Casalmaggiore, comitiva cade
dalla zattera: un disperso nel Po

    CASALMAGGIORE. È finito in tragedia il pranzo di ieri pomeriggio al ristorante galleggiante «Km 415.4» attraccato lungo il Po al Lido Po di Casalmaggiore. Una comitiva di 15 persone - rappresentanti della Folletto giunti dalle province di Parma, Verona e Trento - è finita nelle acque del Po e una di loro risulta dispersa.

    Gli altri sono stati tratti in salvo dal patron del locale, Giovanni Bini, da tre imbarcazioni della vicina Canottieri Eridanea e poi dagli agenti di polizia locale e dai vigili del fuoco. Terminato il pranzo, la comitiva ha deciso di scattare foto ricordo. Il gruppo ha superato il nastro che delimitava l'accesso a una specie di piattaforma attaccata al ristorante stesso, dove dovevano iniziare dei lavori.

    La zattera
    ha ceduto sotto il peso del gruppo.

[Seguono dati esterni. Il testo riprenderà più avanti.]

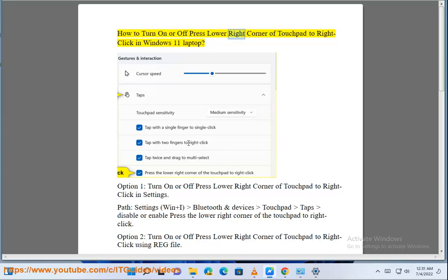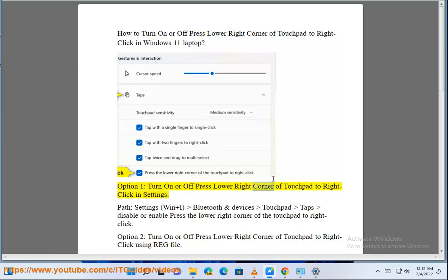How to turn on or off press lower right corner of Touchpad to Right-Click in Windows 11 laptop. Option 1: Turn on or off press lower right corner of Touchpad to Right-Click in Settings.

Alcuni sono riusciti ad aggrapparsi alla struttura, altri hanno raggiunto la riva e il pontile, due invece sono stati trascinati via dalla corrente. Il titolare del ristorante che aveva osservato la scena si è lanciato a soccorrere le persone che erano riuscite a rimanere aggrappate. Le barche della società canottieri Eridanea impegnate in un allenamento si sono subito avvicinate per prestare aiuto.

    La polizia locale
    è intervenuta e i soccorritori hanno tratto in salvo i malcapitati. Una delle due persone che stava per essere trasportata a valle è stata ripescata. Un altro, il quarantasettenne Giuseppe Agostini, residente a Lavis (Trento), è stato trascinato lontano dalle barche e di lui si sono subito perse le tracce. Qualcuno lo ha visto mentre tentava di afferrare alcuni rami che sporgevano sull'acqua, poi è scomparso. Sul luogo sono giunte le ambulanze provenienti da Colorno, Viadana e Vicomoscano e i soccorritori dell'ospedale Oglio Po di Casalmaggiore. I sommozzatori hanno calato in acqua un gommone.

    I superstiti
    sono stati scaldati con alcune coperte termiche, tre di loro sono stati portati all'ospedale Oglio Po per controllarne le condizioni fisiche: tutti e tre sono poi stati dimessi in discrete condizioni. E mentre i carabinieri raccoglievano le testimonianze, sul Po vigili del fuoco, protezione civile e polizia provinciale hanno continuato le ricerche nonostante il buio. Dopo diversi giri di perlustrazione con i gommoni, senza esito, le ricerche sono proseguite via terra ma senza esito. Le ricerche riprenderanno oggi.